### What the task requires
From the line containing "Takeo Kikuchi VINTAGE" down to the final line of the entries below, quote every line verbatim. Exclude pictures.
(Beginning of Information shown)
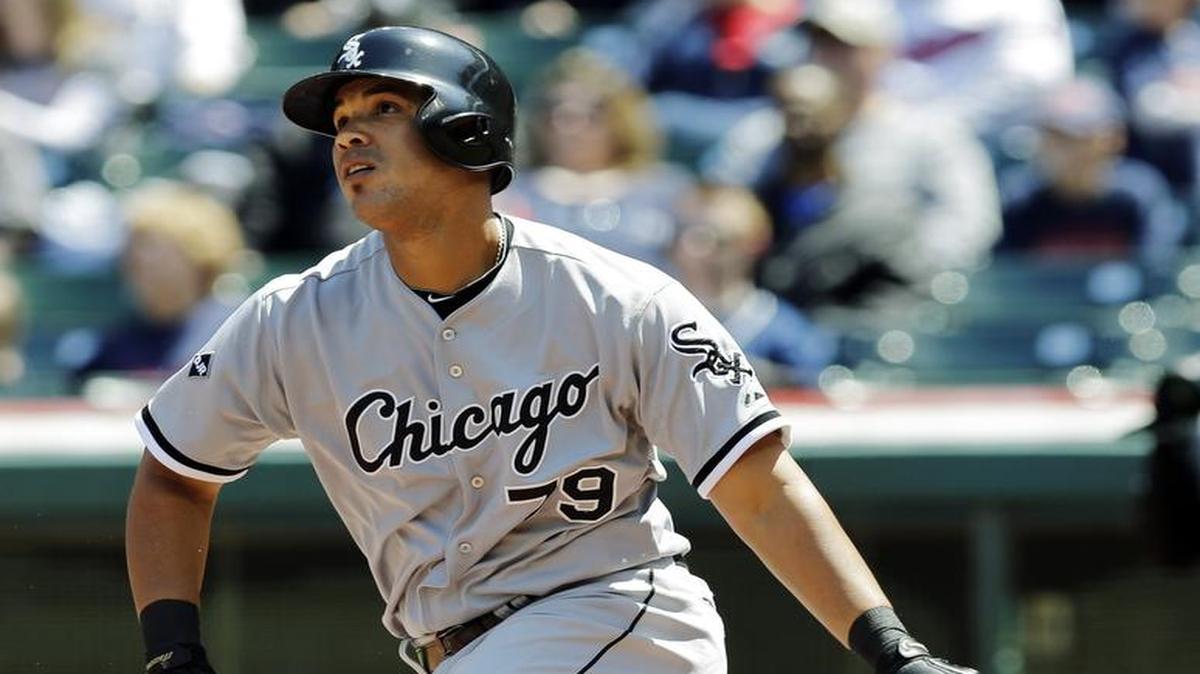 JOSÉ ABREU con el uniforme de los Medias Blancas de Chicago ante los Indios de Cleveland.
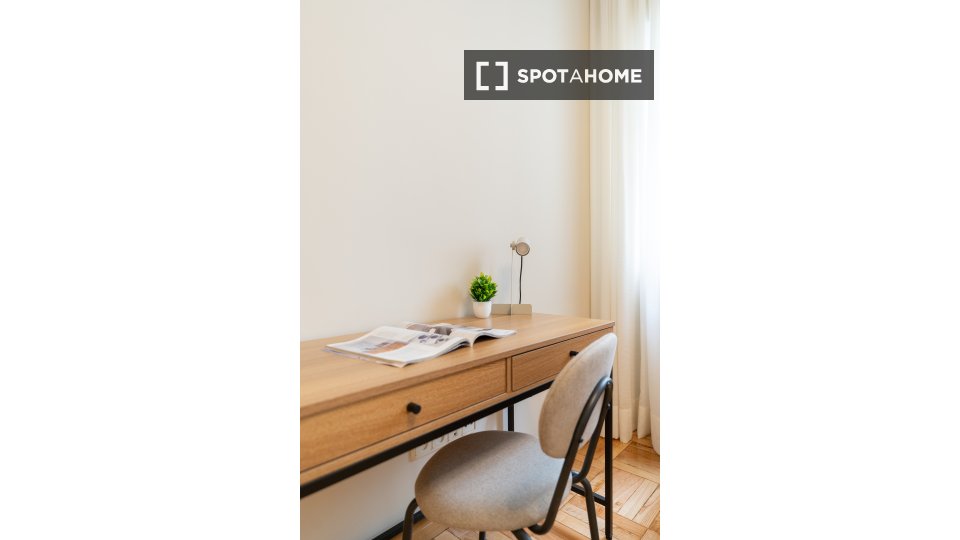 Double room Madrid, 5 beds — photo 12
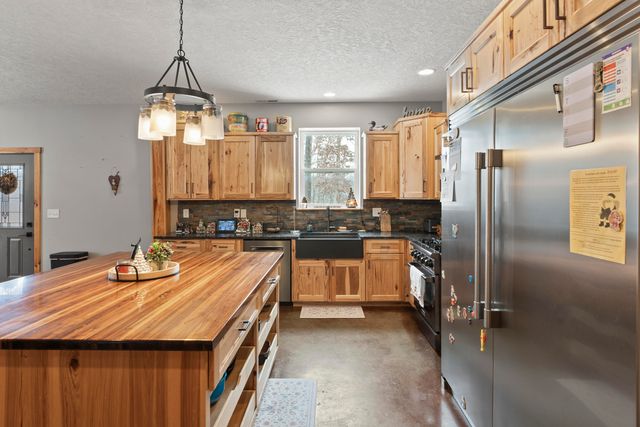 217 Victory Lane Lane, Niangua, MO 65713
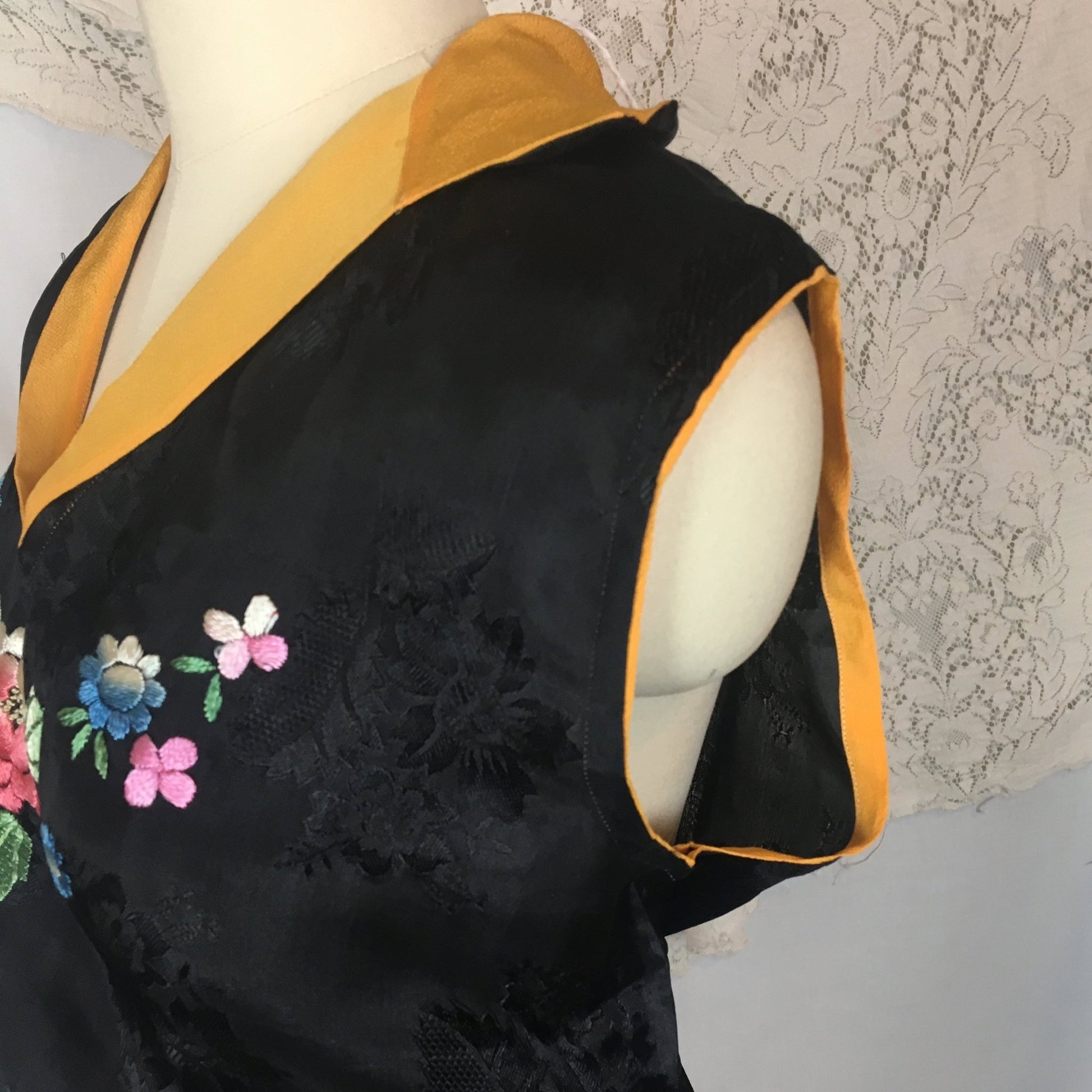 Vintage 1930's Beach Pajama Set | Black Rayon Satin Damask with Floral Embroidery | Made in Japan | Size M, LG, XL - Daggers & Dames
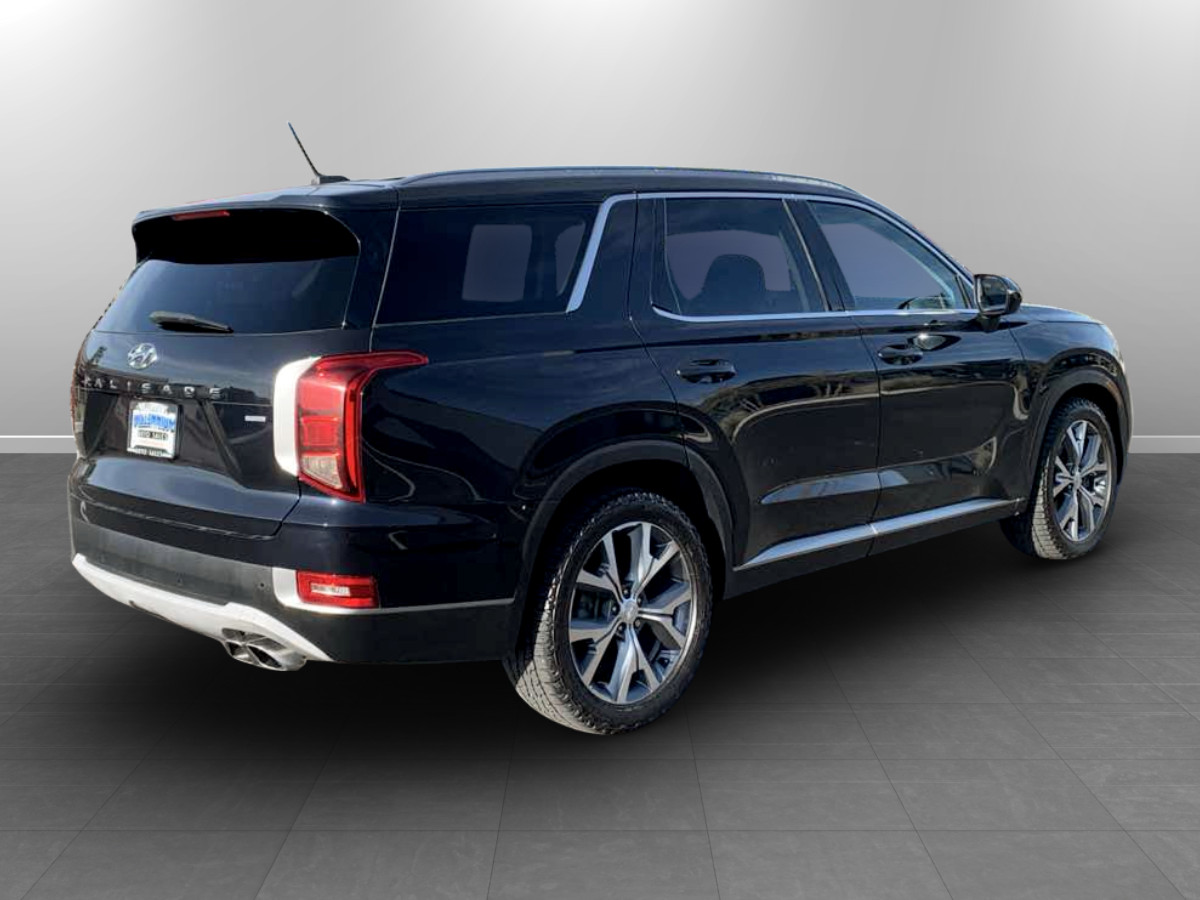 Photo 7 of this Hyundai Palisade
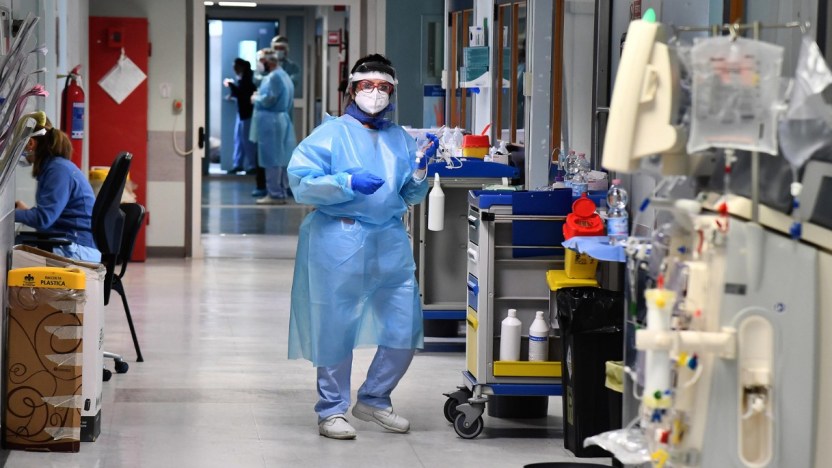 Omicron 2 adesso fa paura? Cosa potrebbe succedere in estate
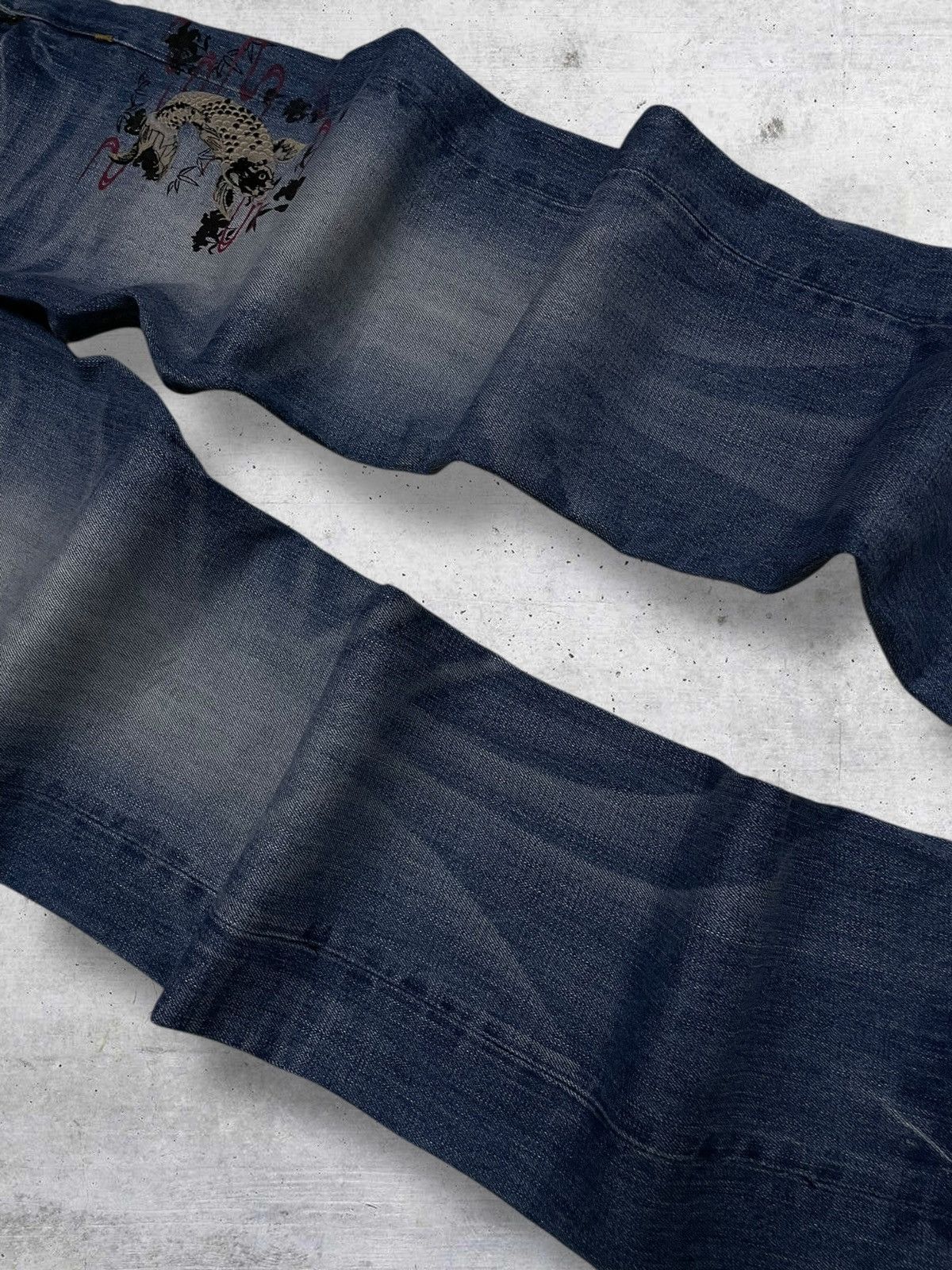 Takeo Kikuchi VINTAGE TAKEO KIKUCHI ARCHIVE CLASSIC KOI CRAFTED DENIM Size US 32 / EU 48 - 6 Thumbnail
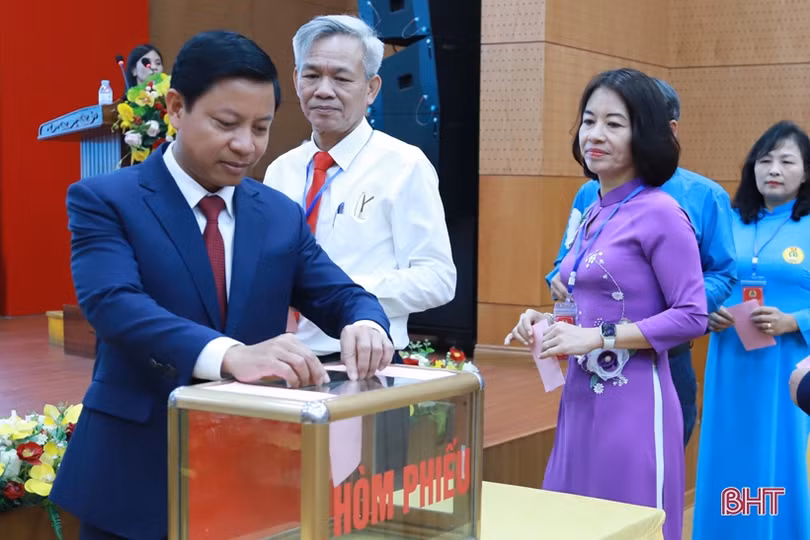 Hà Tĩnh chỉ đạo đồng bộ, triển khai nghiêm túc đại hội công đoàn cơ sở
(End of Information shown)
### Written solution
 Takeo Kikuchi VINTAGE TAKEO KIKUCHI ARCHIVE CLASSIC KOI CRAFTED DENIM Size US 32 / EU 48 - 6 Thumbnail
 Hà Tĩnh chỉ đạo đồng bộ, triển khai nghiêm túc đại hội công đoàn cơ sở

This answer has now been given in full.